Adding an Instruction

If you want to add functionality that isn’t captured by the current virtual machine design, you might need to add further instructions. This section explains how the virtual machine is built on both the frontend (Python) and the backend (C++).

Frontend

The instructions are defined as classes in ../Compiler/instructions.py and ../Compiler/GC/instructions.py. Every class requires the attributes opcode and arg_format to be set. Consider the example of prefixsums:

@base.vectorize
class prefixsums(base.Instruction):
  """ Prefix sum.

  :param: result (sint)
  :param: input (sint)

  """
  __slots__ = []
  code = base.opcodes['PREFIXSUMS']
  arg_format = ['sw','s']

opcode is set from opcodes in ../Compiler/instructions_base.py. This is simply for convenience as it allow copying from the C++ code (see below). The only requirement for opcodes is that they are unique 10-bit integers.

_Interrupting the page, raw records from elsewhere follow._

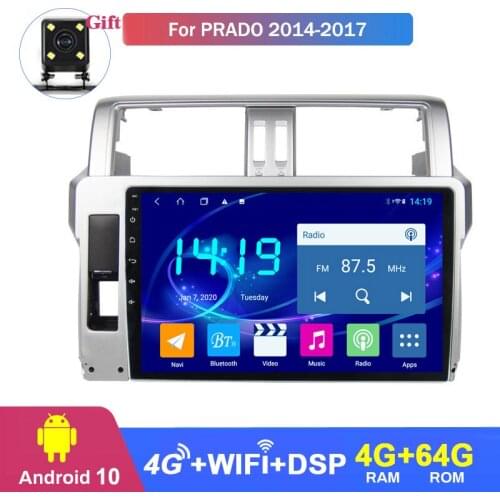 For toyota prado 2014 2015 2016 2017 Car Stereo Radio Player Quad-Core GPS Navigation Support Steering Wheel Control 4G RAM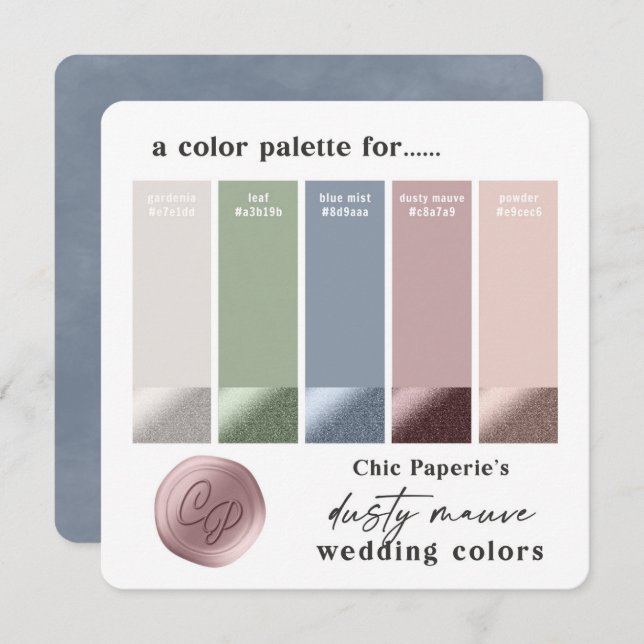 Dusty Mauve & Blue 2022 Wedding Color Palette Card Einladung (Vorne/Hinten)
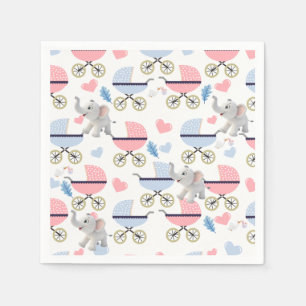 Papieren servetten Babywagen Olifant Ooievaar 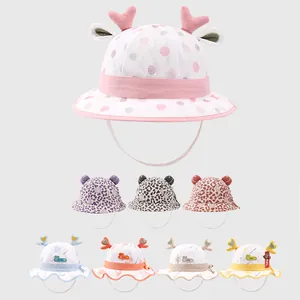 Cappello da Sole a Secchiello per Bambini con Corna Orecchie Cotone Cartone Animato Pois Estate Spiaggia Pescatore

arg_format has to be iterable over strings indicating the nature of arguments. In the example, sw indicates that a secret integer register is written to, and s indicates that a secret integer register is read from. ArgFormats defines all possible argument types:

ArgFormats = {
  'c': ClearModpAF,
  's': SecretModpAF,
  'cw': ClearModpAF,
  'sw': SecretModpAF,
  'cg': ClearGF2NAF,
  'sg': SecretGF2NAF,
  'cgw': ClearGF2NAF,
  'sgw': SecretGF2NAF,
  'ci': ClearIntAF,
  'ciw': ClearIntAF,
  '*': AnyRegAF,
  '*w': AnyRegAF,
  'i': ImmediateModpAF,
  'ig': ImmediateGF2NAF,
  'int': IntArgFormat,
  'long': LongArgFormat,
  'p': PlayerNoAF,
  'str': String,
  'varstr': VarString,
}

The values of this dictionary are classes defined in ../Compiler/instructions_base.py which can encode them into bytes to written to the bytecode files. Most types are encoded as four-byte values except long, which uses eight bytes, and varstr, which has a variable length. The type classes also define functionality to check arguments for correctness such as Python type.

By default, register arguments are understood as single registers. The vectorize decorator is an easy way to allow vector arguments if all register arguments have the same length. The vector size is stored independently of the arguments. The decorator creates two instructions, a base version for single registers and a vectorized version, which is called as follows in the example for length n:

vprefixsums(n, result, operand)

At the higher level, the vector length is usually derived from the input using the vectorize decorator as in prefix_sum():

@vectorize
def prefix_sum(self):
    """ Prefix sum. """
    res = sint()
    prefixsums(res, self)
    return res

All instruction classes should inherit from Instruction in ../Compiler/instructions_base.py.

Backend

The backend functionality has three aspects:

  1. Parsing the bytecode and creating an internal representation

  2. Figuring out the resource requirements of the instruction (registers and memory)

  3. Execution

Parsing

The internal representation is done via the Instruction class defined in ../Processor/Instruction.h. The arguments are parsed in parse_operands() defined in ../Processor/Instruction.hpp. It contains a large switch statement covering all opcodes. Sticking to the example of prefixsums, the relevant code there is as follows:

case PREFIXSUMS:
  ...
  get_ints(r, s, 2);
  break;

This puts the two integer values corresponding to the two arguments into r[0] and r[1] within the Instruction object. r is an array of four 32-bit integers, which is enough for many simple instructions. More complex instruction use start, which is a variable-length C++ vector of 32-bit integers.

Resourcing

Because the number of registers depends on the programs, the virtual machine has to find out the requirements for every single instruction. The main function for this is get_max_reg() in ../Processor/Instruction.hpp, which returns the maximum register that is written to for a particular register type. It contains two switch statements. The first one contains special treatment for instructions that write to more than one register type such as dabit. However, for most instruction including prefixsums, it checks the type currently queried against the type defined by get_reg_type() and returns 0 if there is a mismatch. get_reg_type() makes use of the fact that the opcodes are grouped. For prefixsums, it returns SINT, which is the default.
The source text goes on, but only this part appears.